Work task: Below are some records; repeat them all exactly, minus the pictures.

Data for the task:
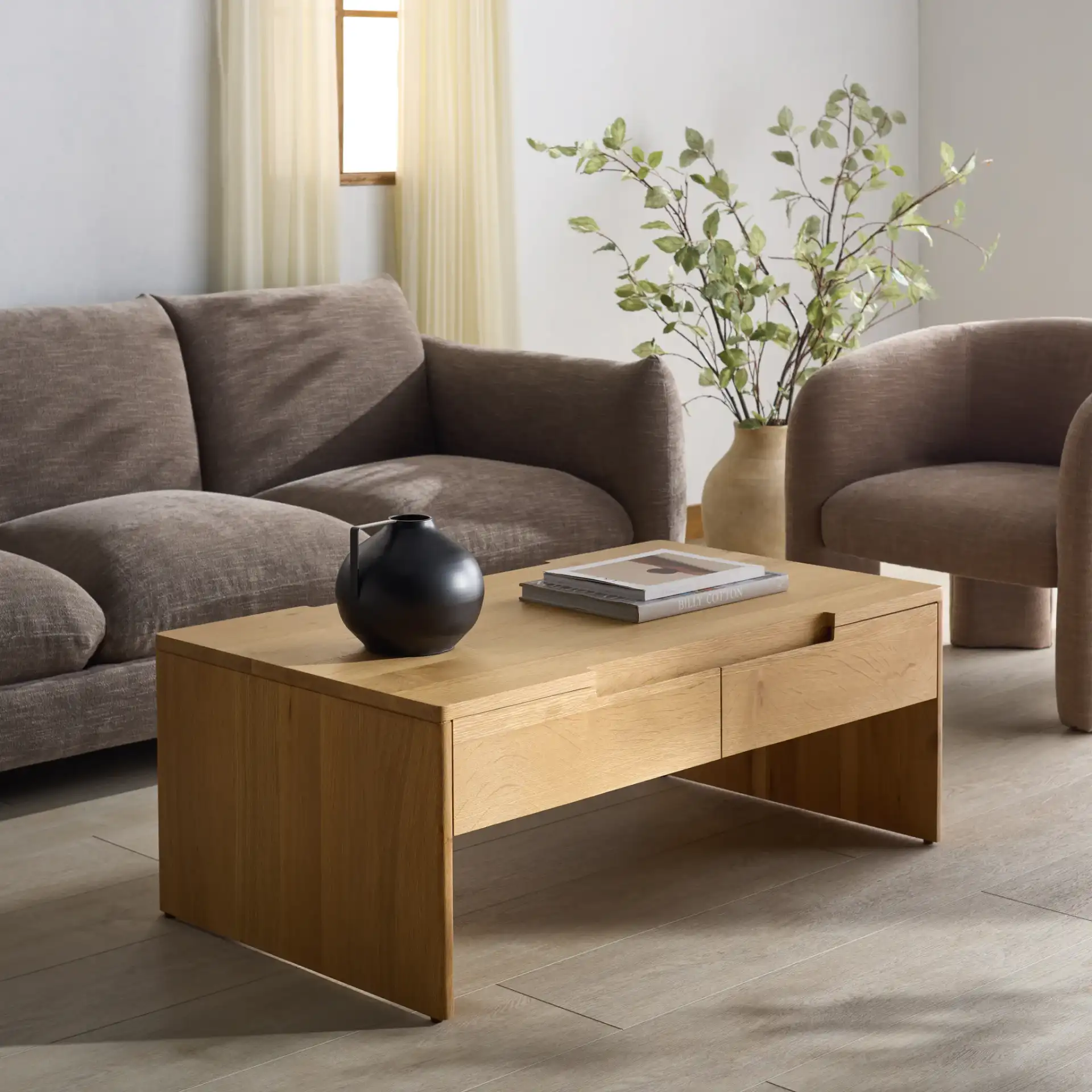 Riverside Oak Wood Coffee Table in Natural Oak in a styled room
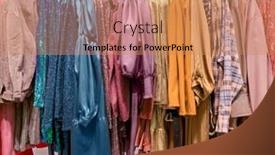  Presentation with clothes - Slide set consisting of row-of-clothes-hanging background and a coral colored foreground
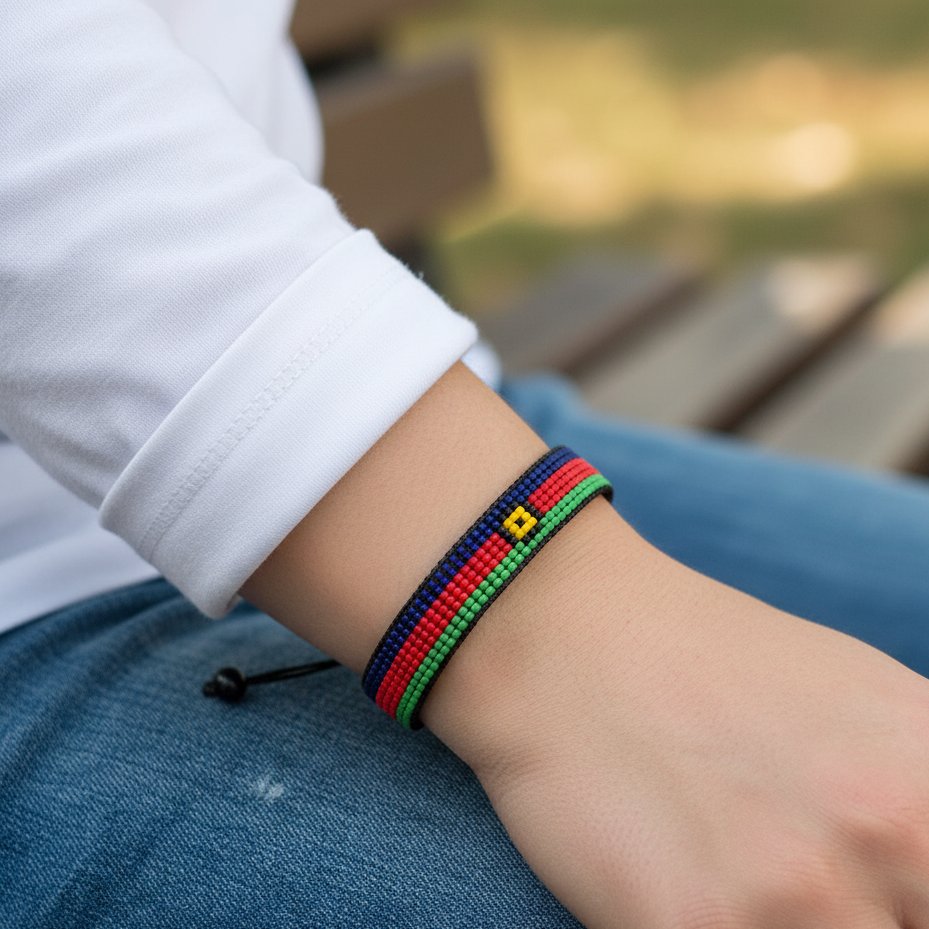 Neukaledonien Flaggenarmband: Verstellbares Boho-Seilarmband für Damen & Herren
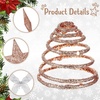 image:imageSumind 98 x 118 Inch Christmas Star Tree Topper Glittered Star Metal Plug in Treetop Ornaments with Bow and 30 LED String Light for Christmas Tree Indoor Holiday Party DecorationBlackGold Rose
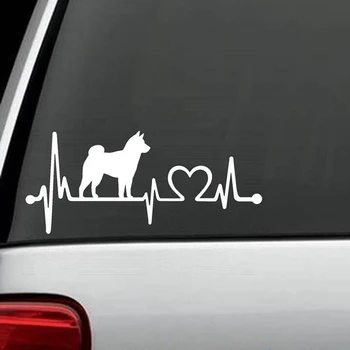  Сердцебиение Сиба-Ину @ Lifeline Наклейка с изображением собаки, наклейки для декора автомобиля, грузовика, внедорожника, ноутбука, виниловая наклейка, наклейка-наклейка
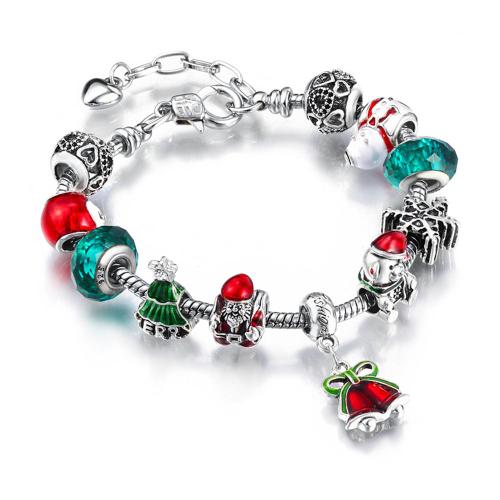 Bracelet de Noël pour femme Père Noël Cloche Bas Bowknot Pendentif Bracelet Arbre de Noël Neige Renne Rouge Vert Perlé Serpent Chaîne Bracelet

Response to the task:
 Riverside Oak Wood Coffee Table in Natural Oak in a styled room
  Presentation with clothes - Slide set consisting of row-of-clothes-hanging background and a coral colored foreground
 Neukaledonien Flaggenarmband: Verstellbares Boho-Seilarmband für Damen & Herren
 image:imageSumind 98 x 118 Inch Christmas Star Tree Topper Glittered Star Metal Plug in Treetop Ornaments with Bow and 30 LED String Light for Christmas Tree Indoor Holiday Party DecorationBlackGold Rose
  Сердцебиение Сиба-Ину @ Lifeline Наклейка с изображением собаки, наклейки для декора автомобиля, грузовика, внедорожника, ноутбука, виниловая наклейка, наклейка-наклейка
 Bracelet de Noël pour femme Père Noël Cloche Bas Bowknot Pendentif Bracelet Arbre de Noël Neige Renne Rouge Vert Perlé Serpent Chaîne Bracelet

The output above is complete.